Data Center Cash vs. A Long-Awaited Robotaxi Moment

NVIDIA’s Q1 FY2027 print was extraordinary. Revenue hit $81.6 billion, up 85.2% year over year, with Data Center alone at $75.25 billion and networking growing 199% YoY. Non-GAAP gross margin held at 75.0%. Jensen Huang framed the moment plainly: “The buildout of AI factories, the largest infrastructure expansion in human history, is accelerating at extraordinary speed.” The board answered with an $80 billion buyback authorization and a dividend hike to $0.25 per share.

Tesla’s Q1 2026 was smaller but symbolically loud. Revenue reached $22.39 billion, up 15.8% YoY, and EPS of $0.41, topping consensus expectations. Automotive gross margin snapped back to 21.1% from 16.2%, helped by lower material costs and one-time warranty and tariff gains.

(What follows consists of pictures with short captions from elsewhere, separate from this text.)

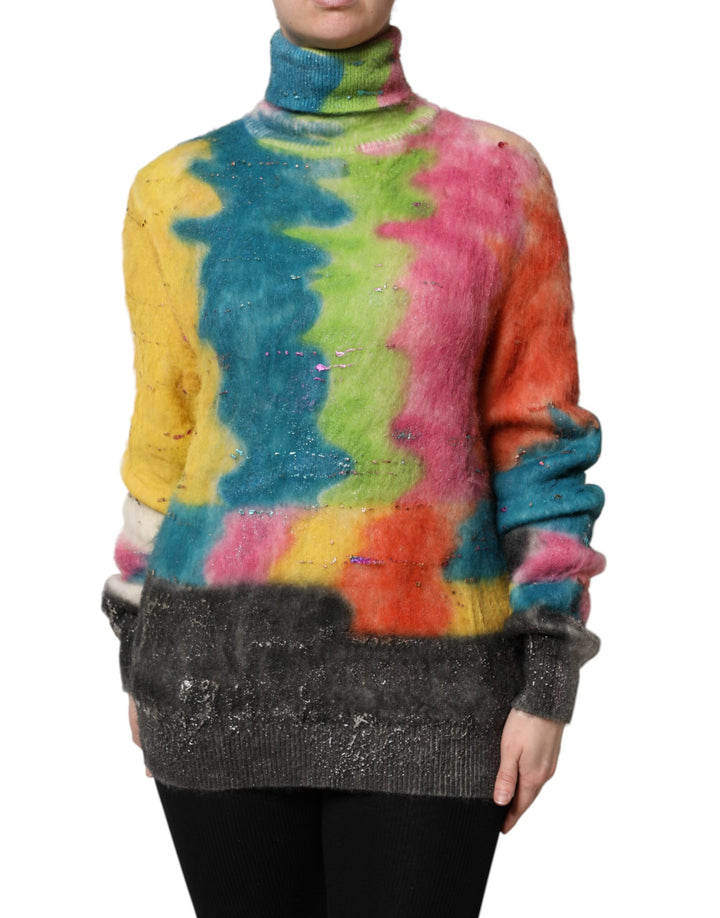 Suéter de cuello alto multicolor de mohair de Dolce & Gabbana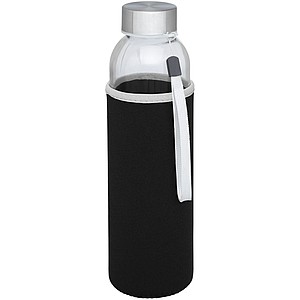 Skleněná láhev na pití, 500ml, s neoprenovým obalem, černá
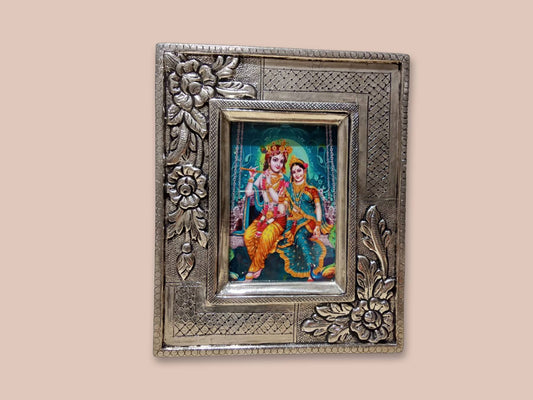 Image of Silver Flower Design Photo Frame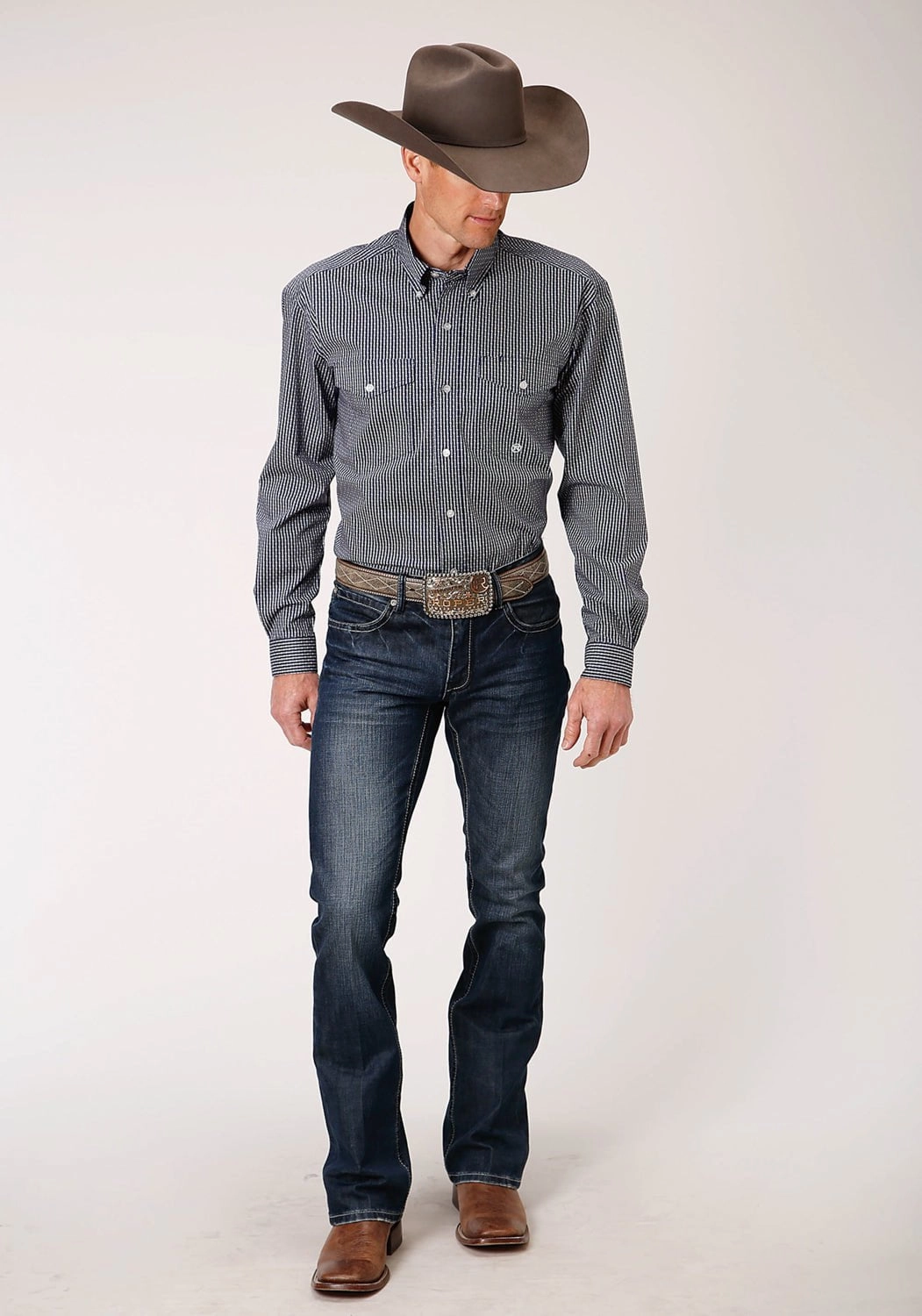 Roper Mens Blue Cotton Blend Arrow Rope BD L/S Btn Shirt Travel Essential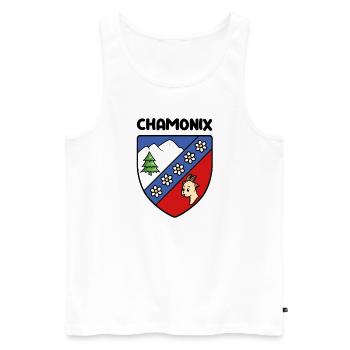 Coat of arms Mignon Chamonix Mont Blanc Haute Savoie - Men's Premium Organic Tank Top - white - Front - AI Model Male 178 light (178cm)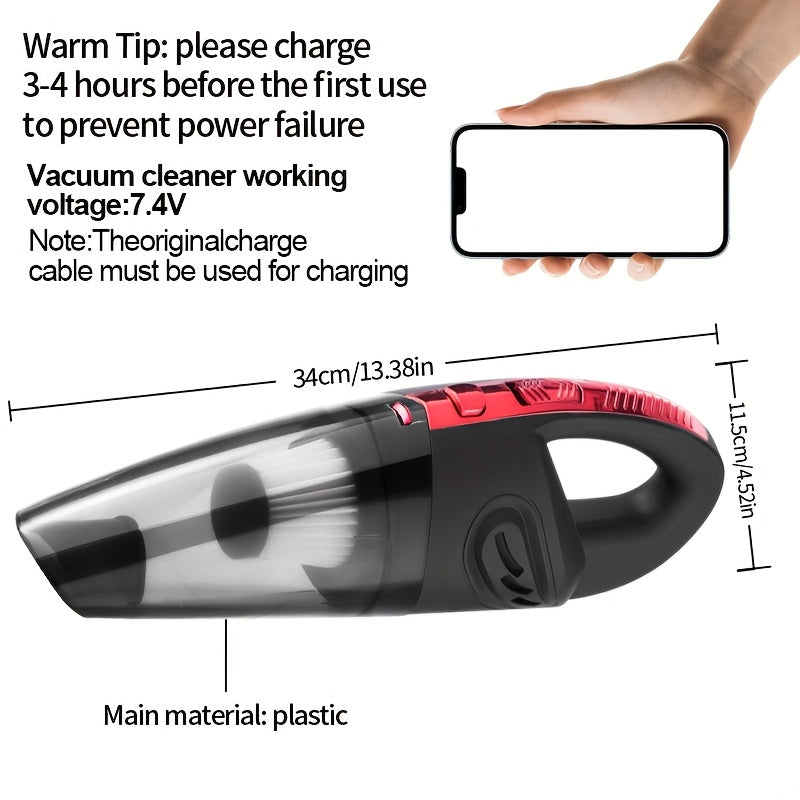 手持式车载吸尘器 4200PA 超强吸力，1800mAh 无线便携式吸尘器，配有 5 个配件，低噪音，适用于汽车内饰、宠物毛发、家庭清洁 – 粉色女士礼物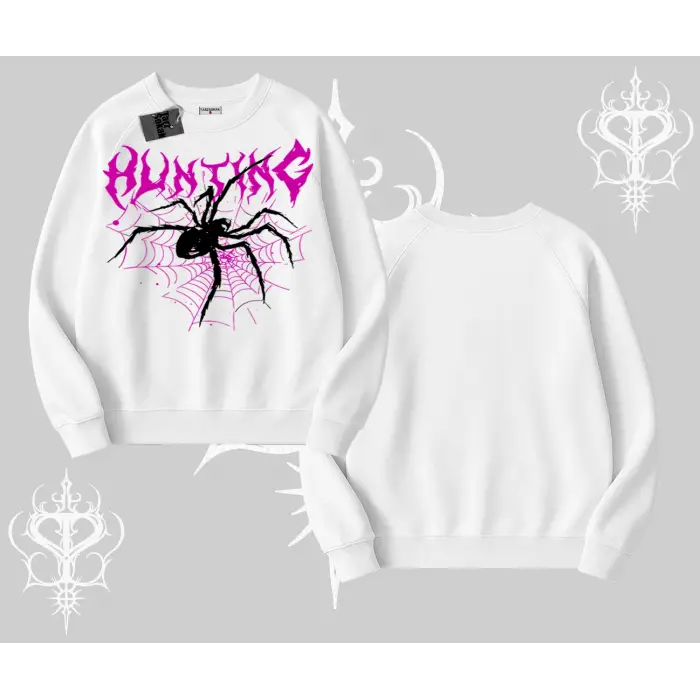 Beyaz Biskilet Yaka Sweatshirt Autumn Spider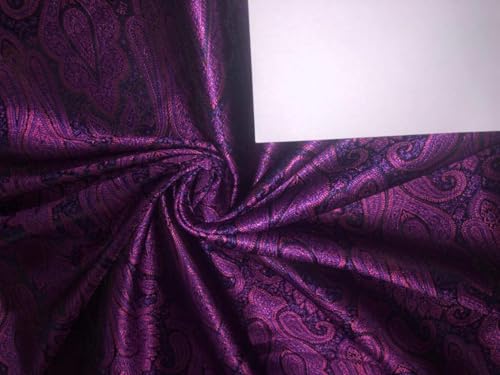Brocart de soie haut de gamme violet jacquard rose de 111,8 cm de large
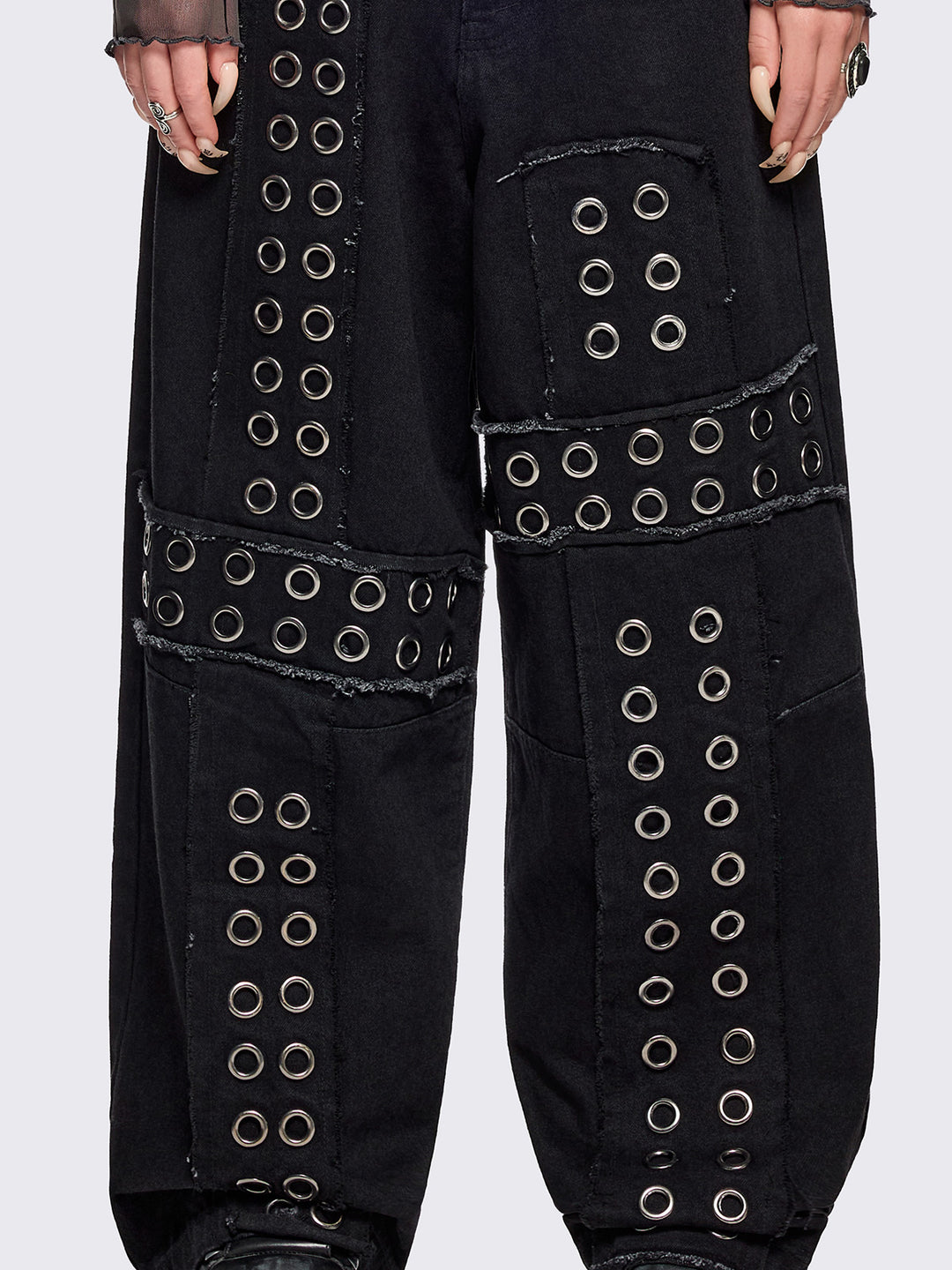 Black Super Baggy Jeans with Eyelet Cross | Minga London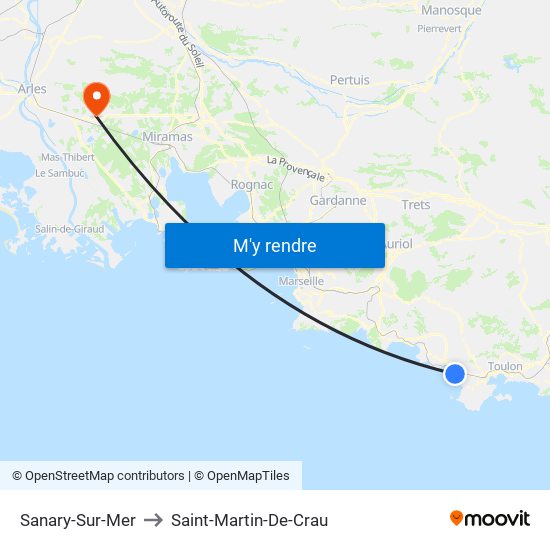 Sanary-Sur-Mer to Saint-Martin-De-Crau map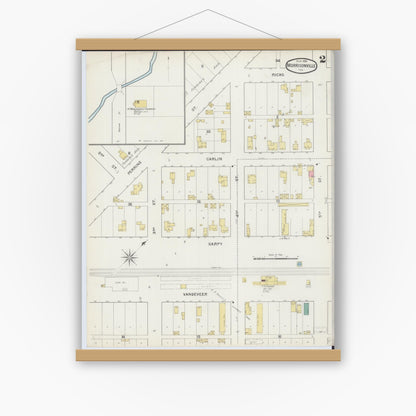 Old map wall art mockup — magnetic wood frame on white wall — Sanborn Fire Insurance Map from Morrisonville, Christian County, Illinois (1894), Sheet #0002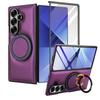 Luxury Business Magnetic Kickstand Tempered Glass Leather Phone Case For Samsung Galaxy Z Fold 7 6 5 4 3 Screen Protection Cover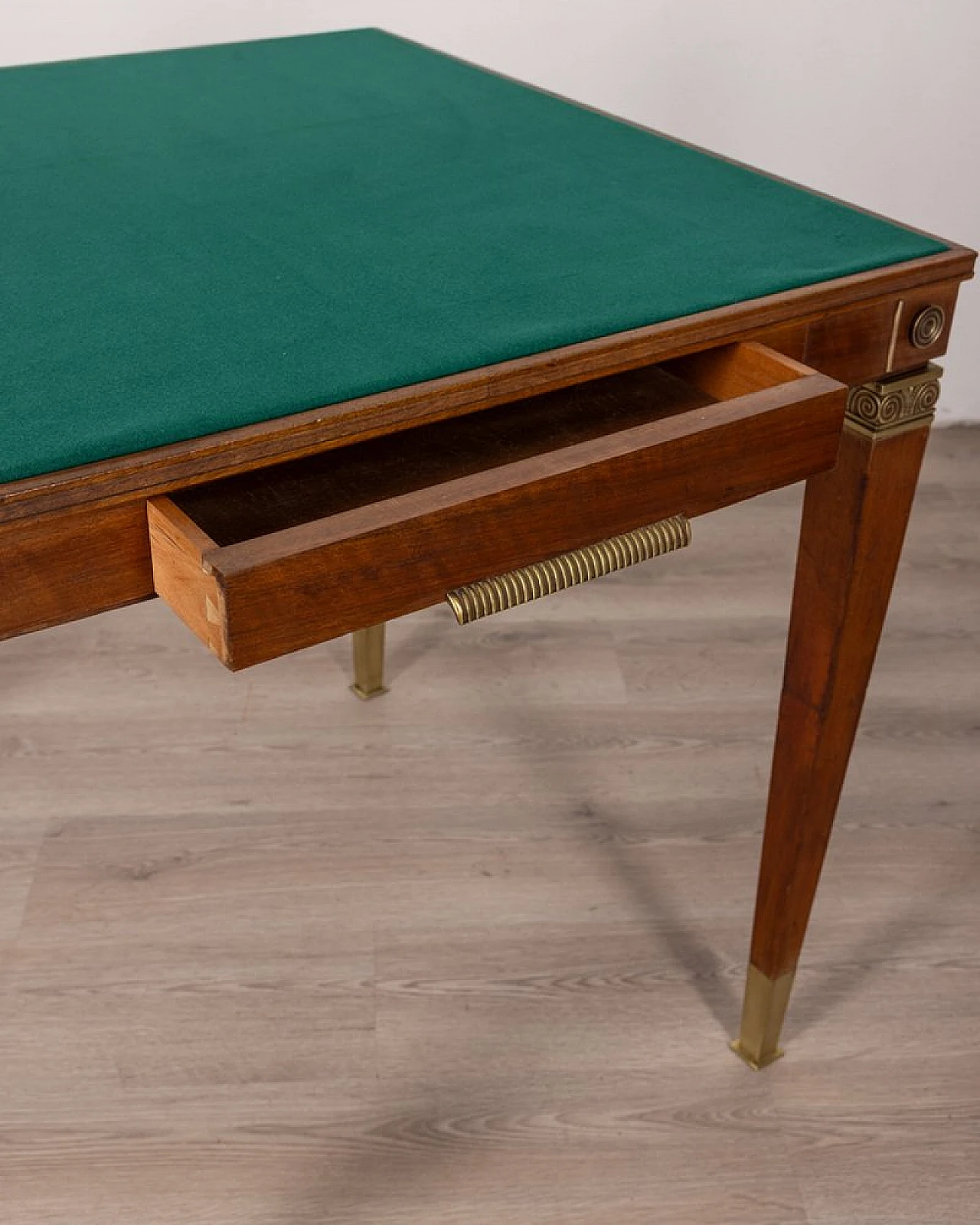 Wood and gilded brass gaming table, 1940s 3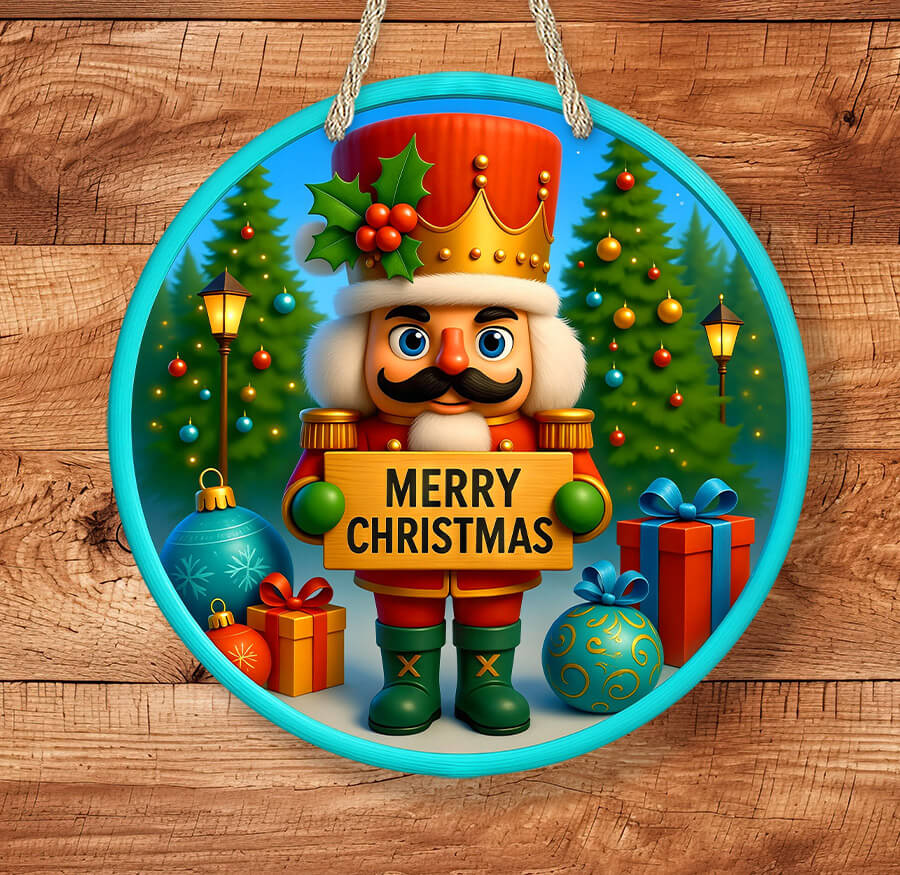 Decorative Christmas sign with a nutcracker holding a 'Merry Christmas' sign, surrounded by festive elements on a wooden background.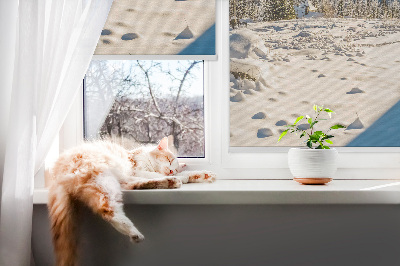 Fabric roller blind for window Mountains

FSD subscriptions climbed to 1.28 million, up 51% YoY. The autonomy story is real now. So is the fact that vehicle deliveries grew only 6% YoY and energy storage revenue fell 12%.

One Sells Shovels. The Other Sells a Vision.

Lens NVIDIA Tesla
Trailing P/E 30 382
Core engine Data Center compute and networking Vehicles today, robotaxi and Optimus tomorrow
Operating margin 65.6% 4.2%
Key vulnerability China compute revenue excluded from guidance Battery pack capacity, BYD pricing, 27 days inventory

NVIDIA collects cash on every physical handoff, locked in by CUDA and $119 billion in supply commitments. Tesla is a capital-heavy automaker asking investors to keep paying for a software future, with a hyper-inflated trailing P/E over 350x on a 5.9% EBIT margin. Prediction markets remain skeptical of the promised milestones: only 11.5% probability is assigned to a California robotaxi launch by year-end and 12.5% to an Optimus release.

The Next Test Is Whether Tesla’s Milestones Compound

I will be watching whether Tesla can scale Cybercab pilot production, Megapack 3, and Optimus lines without further margin dilution. For NVIDIA, the question is Q2 FY27 guidance of $91 billion in revenue, delivered without any China compute contribution. That is a heavier lift than it sounds.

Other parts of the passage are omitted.